De plus souligne ce rapport, entre septembre et décembre 2019, toutes les activités économiques du pays ont été bloquées, à travers le mouvement appelé peyi lok. L’opposition politique, soutenue par des acteurs économiques, dont M. Deeb, a demandé à la population de rester chez elle dans un mouvement de protestation visant à faire pression sur le Président Moise pour qu’il démissionne. Les transports publics ont été paralysés en raison de la pénurie de carburant, les écoles ont été fermées et les réserves de nourriture ont chuté, car les barricades et la violence empêchaient la libre circulation des personnes et des biens à travers le pays, coupant les régions de la capitale. Affairiste, M. Deeb, profitant de la forte demande de produits alimentaires, a soudoyé des députés, qui ont ensuite payé des chefs de gangs pour que ceux-ci dispersent les manifestants pour débloquer les rues afin de permettre l’entrée de ses marchandises dans le pays.

Youri Latortue

Youri Latortue, qui fait déjà l’objet de sanctions du Canada et des Etats-Unis, exerce un contrôle considérable sur la vie politique et économique du département de l’Artibonite, notamment par le recours à des gangs, comme Raboteau, qu’il finance et arme, précise le rapport.

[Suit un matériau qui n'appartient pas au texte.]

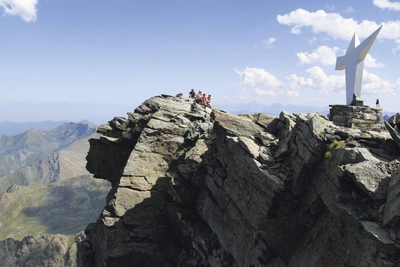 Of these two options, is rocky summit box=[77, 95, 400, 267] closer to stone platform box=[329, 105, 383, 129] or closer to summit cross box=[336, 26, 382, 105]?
stone platform box=[329, 105, 383, 129]

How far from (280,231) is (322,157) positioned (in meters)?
7.25

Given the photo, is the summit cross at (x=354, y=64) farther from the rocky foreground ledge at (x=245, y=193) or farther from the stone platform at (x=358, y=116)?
the rocky foreground ledge at (x=245, y=193)

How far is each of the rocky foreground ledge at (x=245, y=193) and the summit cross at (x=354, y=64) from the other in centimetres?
980

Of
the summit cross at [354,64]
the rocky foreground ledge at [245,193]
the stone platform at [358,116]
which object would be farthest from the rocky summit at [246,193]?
the summit cross at [354,64]

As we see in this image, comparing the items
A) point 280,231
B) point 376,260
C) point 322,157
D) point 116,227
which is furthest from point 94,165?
point 376,260

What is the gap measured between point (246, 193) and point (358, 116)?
14.1m

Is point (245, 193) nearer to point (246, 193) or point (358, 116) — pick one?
point (246, 193)

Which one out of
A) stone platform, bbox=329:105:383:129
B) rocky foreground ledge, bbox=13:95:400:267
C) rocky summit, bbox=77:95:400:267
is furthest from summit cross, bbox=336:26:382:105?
rocky foreground ledge, bbox=13:95:400:267

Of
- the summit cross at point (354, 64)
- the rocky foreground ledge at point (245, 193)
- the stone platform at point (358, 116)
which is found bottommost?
the rocky foreground ledge at point (245, 193)

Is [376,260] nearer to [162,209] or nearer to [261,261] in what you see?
[261,261]

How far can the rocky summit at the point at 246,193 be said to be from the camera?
19.1 metres

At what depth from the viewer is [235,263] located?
90.7 feet

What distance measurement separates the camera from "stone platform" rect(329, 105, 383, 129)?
28.4 metres

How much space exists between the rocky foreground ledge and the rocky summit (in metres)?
0.10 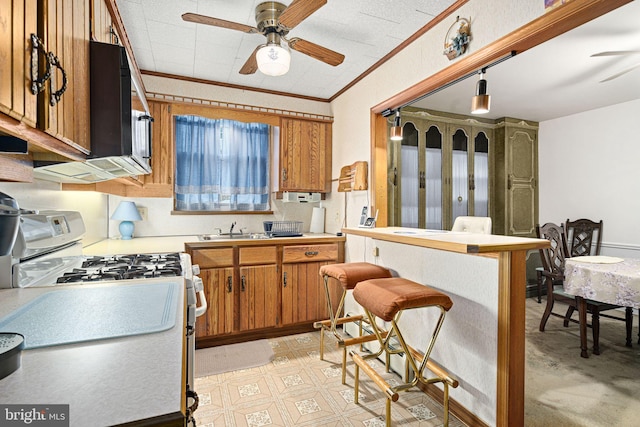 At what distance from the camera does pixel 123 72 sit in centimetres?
134

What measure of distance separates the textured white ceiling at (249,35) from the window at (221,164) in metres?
0.50

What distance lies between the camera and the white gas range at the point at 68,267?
1.24m

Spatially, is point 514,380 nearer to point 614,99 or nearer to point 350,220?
point 350,220

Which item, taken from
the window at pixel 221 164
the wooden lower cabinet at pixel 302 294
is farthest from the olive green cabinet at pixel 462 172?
the window at pixel 221 164

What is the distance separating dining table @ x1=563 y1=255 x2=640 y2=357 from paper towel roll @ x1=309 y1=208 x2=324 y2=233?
7.86 feet

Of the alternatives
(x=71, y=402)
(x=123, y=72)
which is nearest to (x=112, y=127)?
(x=123, y=72)

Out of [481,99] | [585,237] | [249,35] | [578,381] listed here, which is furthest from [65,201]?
[585,237]

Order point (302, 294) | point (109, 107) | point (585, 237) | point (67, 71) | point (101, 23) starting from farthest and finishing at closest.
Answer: point (585, 237) < point (302, 294) < point (101, 23) < point (109, 107) < point (67, 71)

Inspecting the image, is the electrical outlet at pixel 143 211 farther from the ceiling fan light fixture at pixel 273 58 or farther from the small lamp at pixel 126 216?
the ceiling fan light fixture at pixel 273 58

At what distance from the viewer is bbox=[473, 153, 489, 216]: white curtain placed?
4418 mm

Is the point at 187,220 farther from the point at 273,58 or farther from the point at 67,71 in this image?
the point at 67,71

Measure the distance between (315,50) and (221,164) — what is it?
5.92ft

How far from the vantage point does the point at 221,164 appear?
134 inches

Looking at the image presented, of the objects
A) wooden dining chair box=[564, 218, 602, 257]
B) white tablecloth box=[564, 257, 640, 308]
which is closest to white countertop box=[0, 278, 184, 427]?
white tablecloth box=[564, 257, 640, 308] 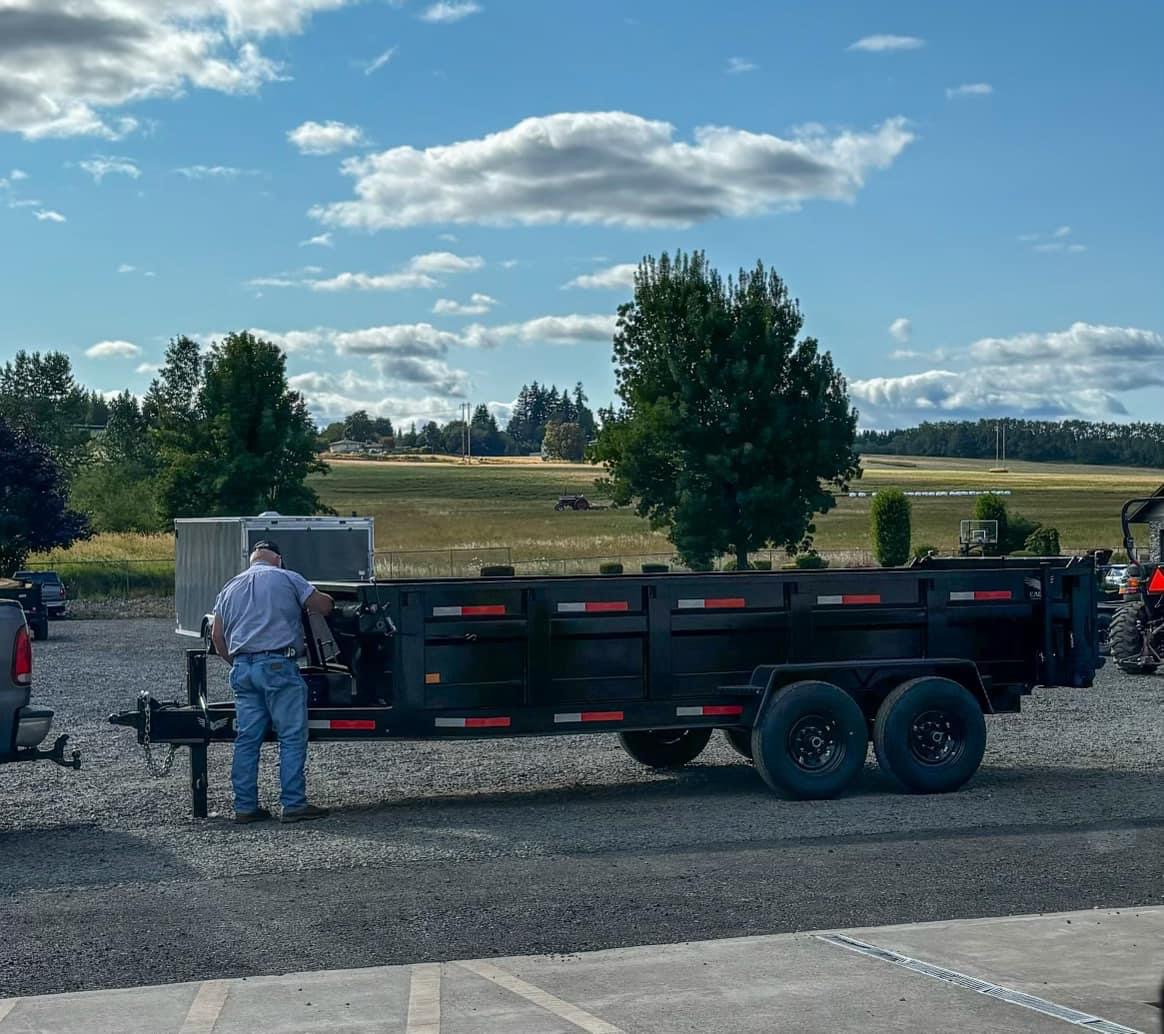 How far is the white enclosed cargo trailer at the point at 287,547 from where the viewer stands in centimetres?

Plus récemment, des sources confidentielles ont dit au Groupe d’experts que M. Latortue avait également financé le gang Kokorat Sans Ras, un groupe extrêmement violent du département de l’Artibonite, en collusion avec Raboteau. M. Latortue a eu recours à des gangs pour assurer sa protection rapprochée et détruire des biens.

Prophane Victor

Pour l’ancien député Prophane Victor , le rapport avance que pour assurer son élection en 2016 et son contrôle sur la région, il a commencé à armer des jeunes de Petite Rivière de l’Artibonite, qui ont ensuite formé le gang Gran Grif, actuellement le plus important du département de l’Artibonite et principal responsable des violations des droits humains, y compris les violences sexuelles. L’ancien parlementaire a continué à soutenir Gran Grif jusqu’en 2020, date à laquelle le gang et lui se sont brouillés à la suite de promesses non tenues faites pendant la période électorale. Depuis, il soutient des gangs rivaux et des groupes d’autodéfense dans la région. Outre les éléments de preuve recueillis par le Groupe d’experts, M. Victor fait l’objet de sanctions par le Canada depuis juin 2023.

Sources de revenus des gangs

Le rapport du Groupe d’experts a également exploré la question du financement ou des sources de revenus des gangs. Il est arrivé à la conclusion que l’extorsion, le vol et le détournement de véhicules de transport de personnes et de véhicules privés de toutes tailles sont une source importante de revenus pour les gangs qui contrôlent les routes nationales. Les camions de transport de marchandises sont particulièrement intéressants car ils transportent des marchandises de valeur (carburant ou produits manufacturés). Une rançon de 1 000 à 3 000 dollars est versée par camion détourné, en fonction de sa taille et de la valeur de sa cargaison. La situation est similaire le long de la RN2 à Martissant, où les gangs 5 Segond, Grand Ravine et Ti Bois sévissent. Aussi, les gangs rançonnent les entreprises et les institutions, y compris les écoles, dans les zones qu’ils contrôlent. En outre, ils taxent la population pour des services publics qu’ils ne fournissent pas vraiment, comme l’eau ou l’électricité.